Everything seems to match up alright, This might be a dumb question but there seems to be a small file size difference does this matter at all?
This seems to have worked, I tried to install the 83GB one anyway like you said and it failed but then when I searched again it was not found anymore.
Correct me if I'm wrong but isn't Enterprise up to 2004 update not 1809? I had a look at the iso download and noticed there all 1809. I haven't been keeping up to date with all this new fangled upgrading and updating stuff but I thought seeing I'm going Zen 3 in a few weeks I should move from the 2016 LTSB version I'm currently running. Thought it'd be as easy as grabbing the latest iso and installing like I normally do but after looking around is that not how it works now?
Enterprise and server 2019 LTSC are of the 1809 (17763.xxxx) family. It's not really working correctly with zen cpus, afaik, that's fixed in 1903 and up. LTSB > LTSC can be done by ISO. LTSB/C > normal Enterprise too.
Ok so with these older 1809 iso's do we have to inject the updates or can we actually get more up to date iso's for Enterprise? Sorry I'm use to just getting the latest untouched iso, installing it, cracking and done. I've looked around and cant find anything aside from the eval iso's which are useless to me.
All available and officially released Enterprise 2019 LTSC ISOs and info can be found here, the latest is 17763.316:
Switched from LTSB to LTSC recently, fresh install using KMSPico to activate (as I had done for last couple of years on LTSB) I'm curious if MS has such protection to shutdown the machine if it sees it as non-genuine? Maybe the software protection service? The pc has been shutting down for the last two days just randomly, in the event logs I see the shutdown requests and all of them are apparently issued by the user - which isn't me pressing a button. I know it is not thermals, checked the various monitors, but I am also thinking maybe psu is finally giving out after a fair few years (10+) because on some occasions the pc will try and restart despite the bios settings being such that in power events it just stays off. Maybe psu is surging or something which causes the system to try and start on its own, all I see for the voltages is the cache voltage not registering correctly sometimes.
If you know how to bridge the psu(run it completely unplugged from the motherboard/components), grab a multimeter and start poking at the 12, 5 and 3.3 volt rails. If you see voltages that are drastically different than what the rail should be sustaining, you have your answer. To my knowledge, no, windows doesn't shut itself down just because it knows it's not genuine or you've used 3rd party soft to activate.
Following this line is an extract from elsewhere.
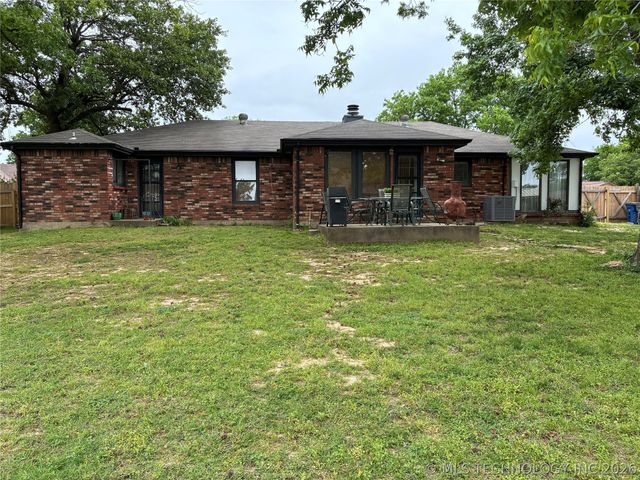 6927 S 29TH West Avenue, Tulsa, OK 74132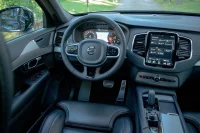 Volvo XC90 7s R-Design DARK Intelli PRO 2 190kW thumbnail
Yeah, know how-to but no multimeter :/ But if Windows doesn't do this then tends to point the finger to the psu, as said it is old and has served well but looks like may have finally given up. Ta muchly
Cheers, did similar with Aida64 just to see what was what. I think it is the psu due to the behaviour and the issues seen with the cache voltage so I'll grab a new one and see how it goes. I have couple of laptops with same ltsc build and they are fine, so more pointing to the psu being on the last legs.
This is a bad unreliable way of "testing" your PSU. Any old and or bad PSU is usually able to get good voltages on the rails in that situation. What is far more important and the actual reason for instability is the question if the PSU can maintain good voltages when the voltage rails are under load. Bridging the PSU means zero load and so those measurements don't really mean anything.